If they poop in it I will change the water if not it's changed daily..


----------



## tyler0912 (Aug 2, 2011)

okay thank-you"


----------



## dmmj (Aug 2, 2011)

some people terryo comes to mind I believe use frog moss around the water bowl to catch a lot of the dirt and stuff to keep the water cleaner, but with a tortoise it won't ever stay crystal clear


----------



## tyler0912 (Aug 2, 2011)

^^i use sphagnum moss.....no difference!


----------



## dmmj (Aug 2, 2011)

frog moss is a little different it has a different texture than sphagnum.


----------



## tyler0912 (Aug 2, 2011)

oh...sorry.........i thought....Moss is...moss?


----------



## jackrat (Aug 2, 2011)

Actually the frog moss works a little better than sphagnum. It is more like a mat that doesn't get dragged into the water.Sphagnum can get pulled into the water dish and act like a wick,drawing all the water out.In my vivarium,I use stones around the bowl,then frog moss outside the perimeter of the stones.It has been working well for me.


----------



## HarleyK (Aug 2, 2011)

Dude I use bed-a-beast/eco earth tell me about it! ..and sphagnum moss!


----------



## terryo (Aug 2, 2011)

Frog moss around the water bowl will help keep it clean.......except for "poop".
This is frog moss...it stays green all the time, and looks and feels nice too.
















Poop in the water dish that hasn't been cleaned yet....but the frog moss still looks good. LOL


----------



## tyler0912 (Aug 2, 2011)

Terry stop posting pics your making me jealous!! :')


----------



## CtTortoiseMom (Aug 2, 2011)

Sold. I am getting rid of all the sphagnum moss and changing to frog moss asap! Thank's


----------



## Madkins007 (Aug 2, 2011)

When you buy your frog moss (and there are other options as well), you often have two options- dead but pretty, and dried but alive after a good soak. 
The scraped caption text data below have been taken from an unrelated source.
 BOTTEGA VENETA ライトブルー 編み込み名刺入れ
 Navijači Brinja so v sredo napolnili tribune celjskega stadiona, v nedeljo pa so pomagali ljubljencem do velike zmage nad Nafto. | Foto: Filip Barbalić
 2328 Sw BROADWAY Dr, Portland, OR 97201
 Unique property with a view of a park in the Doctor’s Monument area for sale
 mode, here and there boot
Here is a link to my favorite source- http://www.bigappleherp.com/Nature-Zone-Moss?sc=2&category=23145

I find the stuff works well in my habitats as well, but I can only seem to keep it alive for several months at a time.


----------



## terryo (Aug 2, 2011)

I buy mine in a craft store....Michael's. I don't think it's really frog moss. They have all different kinds for making flower arrangements. It's very soft, and stays green. I rinse it out good, and then just squeeze it a little to get some of the water out of it. I also bought frog moss from Amazon.com, and it was exactly like this moss, so that's why I called it frog moss. It even stays green under the heat emitter. I have to get up a picture of the bag that is comes in.


----------



## dmmj (Aug 2, 2011)

the frog moss you buy from michael's is it alive?


----------



## CtTortoiseMom (Aug 2, 2011)

Madkins007 said:


> When you buy your frog moss (and there are other options as well), you often have two options- dead but pretty, and dried but alive after a good soak.
> 
> Here is a link to my favorite source- http://www.bigappleherp.com/Nature-Zone-Moss?sc=2&category=23145
> 
> I find the stuff works well in my habitats as well, but I can only seem to keep it alive for several months at a time.
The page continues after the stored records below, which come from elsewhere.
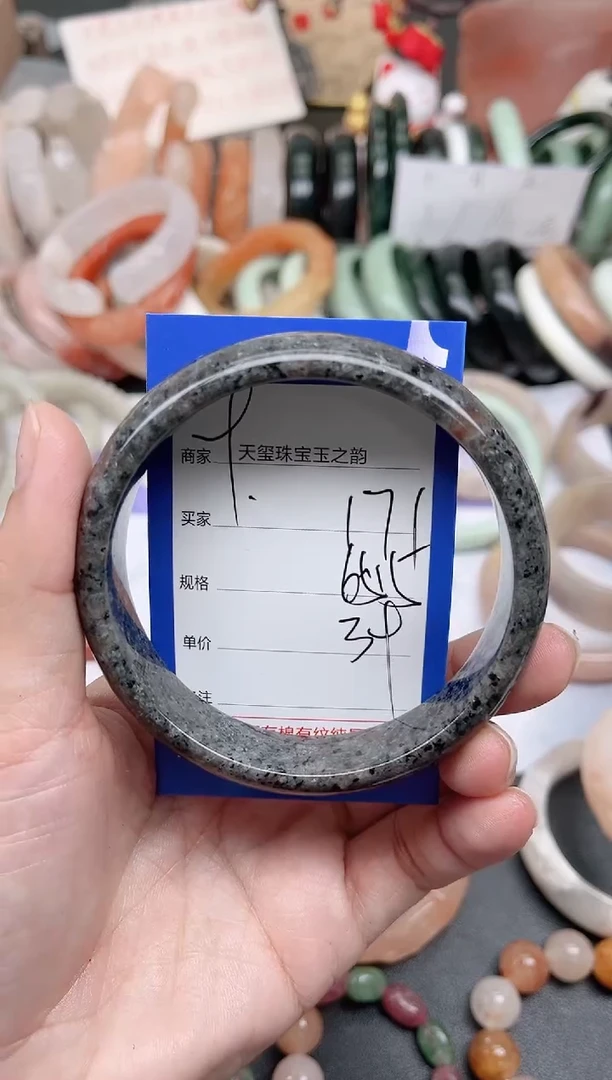 未镶嵌手镯石英质玉171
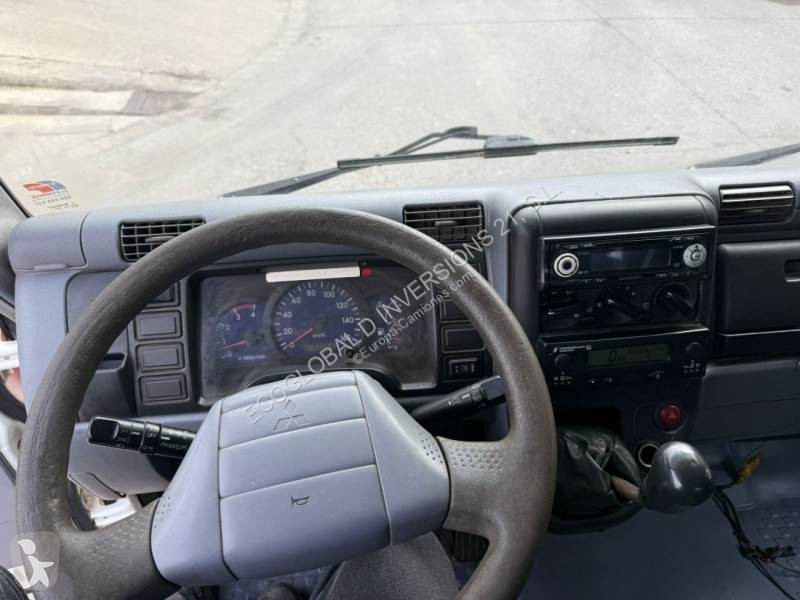 Ciężarówka Mitsubishi Fuso
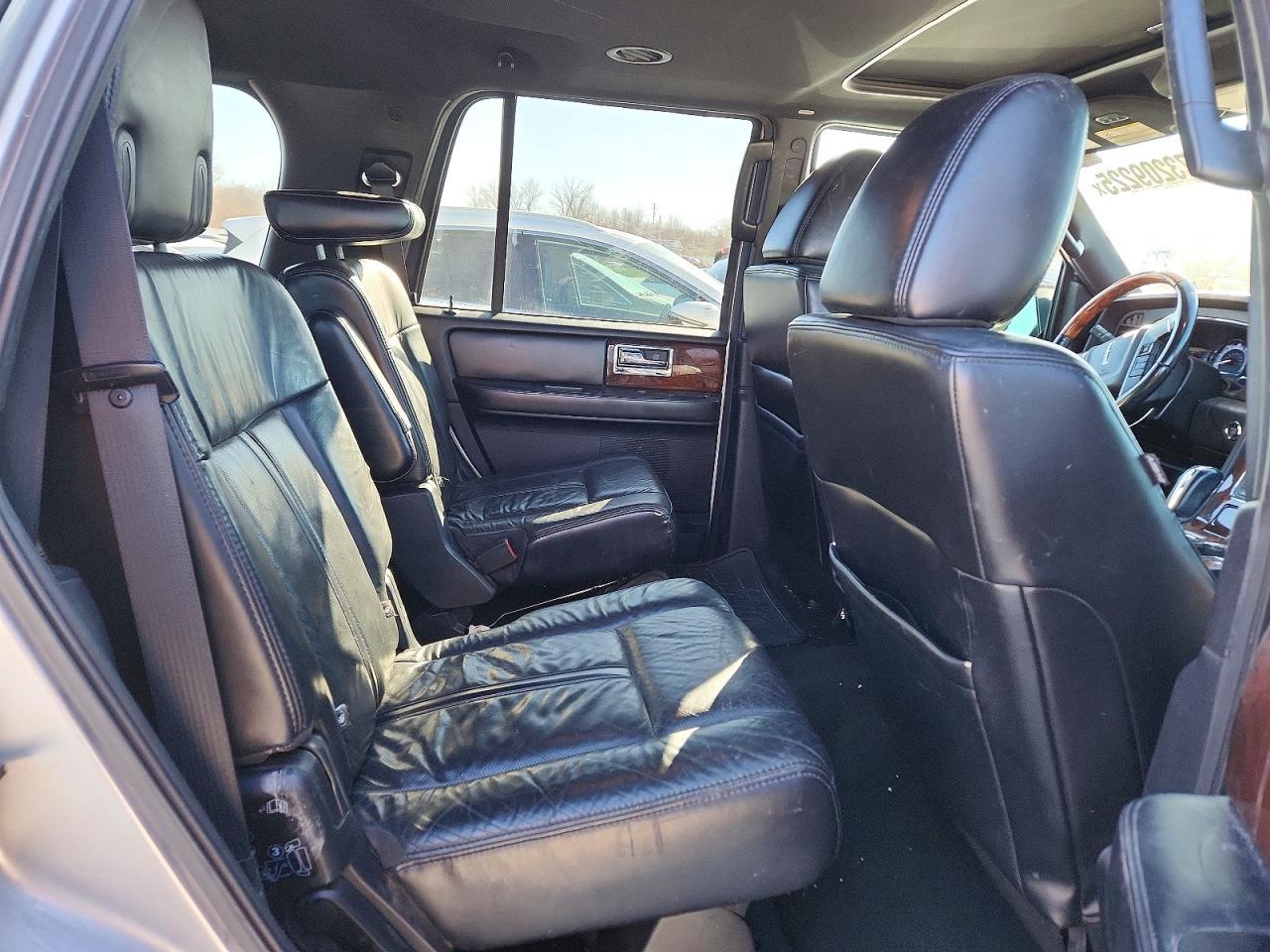 2016 Lincoln Navigator Select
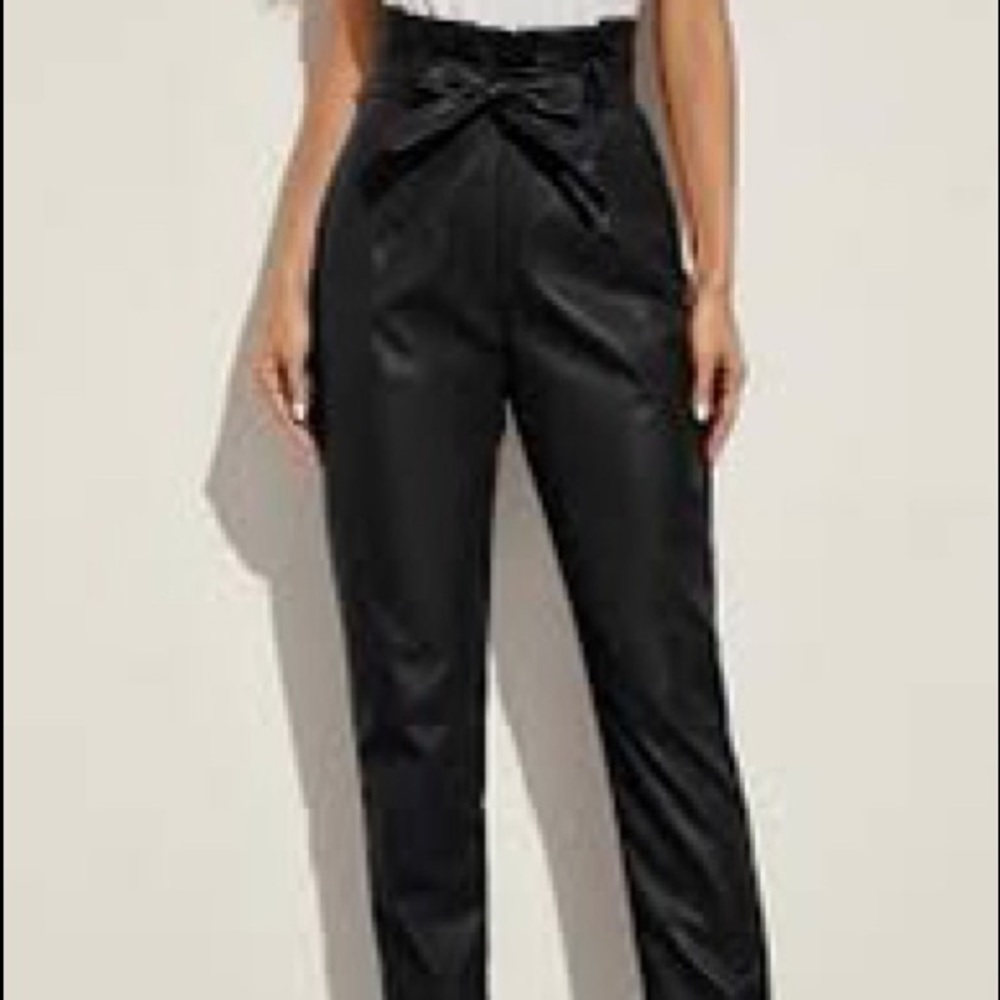 Nwot  Paperbag Shein faux leather pants size L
Which would you say hold's moisture better, dead or alive? I have been using the sphagnum moss around where my basking light is and it dries out incredibly fast.


----------



## Angi (Aug 2, 2011)

I put my tort water dish on a shallow pan. My turtles have two one is on a large stepping stone the other has river rocks around it so the clean off a little before going in.


----------



## Rosiek15 (Aug 20, 2011)

My tortoise decides that if i havent given him his bath yet and he has to poop that he will go sit in his water bowl and poop lol


----------



## EricIvins (Aug 21, 2011)

The moss you find at craft stores is dead, but dyed green so it looks alive, so is the stuff you find packaged and sold for Reptiles in a pet store........Temperate moss will never last more than a few months, it's just how it functions........Tropical moss will last a very long time in a Vivarium type setting, is still fairly cold resistant, and this is what alot of keepers use in "natural" set ups where it lives and grows the way it should.......


----------



## terryo (Aug 21, 2011)

If you're keeping on heat emitters, no matter how much you spray it will eventually turn brown. This is about the best I've used and lasted the longest, but still turned brown. When I first got my RF I keep this moss and it was always wet. Eventually she got a fungus, so now I try to keep the substrate dry and just mist the plants and her hide, so that's why I use the craft moss mostly. This moss is great for keeping in vivariums with your small box turtles that can't go outside, if you're not using heat emitters.
http://www.blackjungleterrariumsupply.com/Live-Tropical-Moss_p_759.html


----------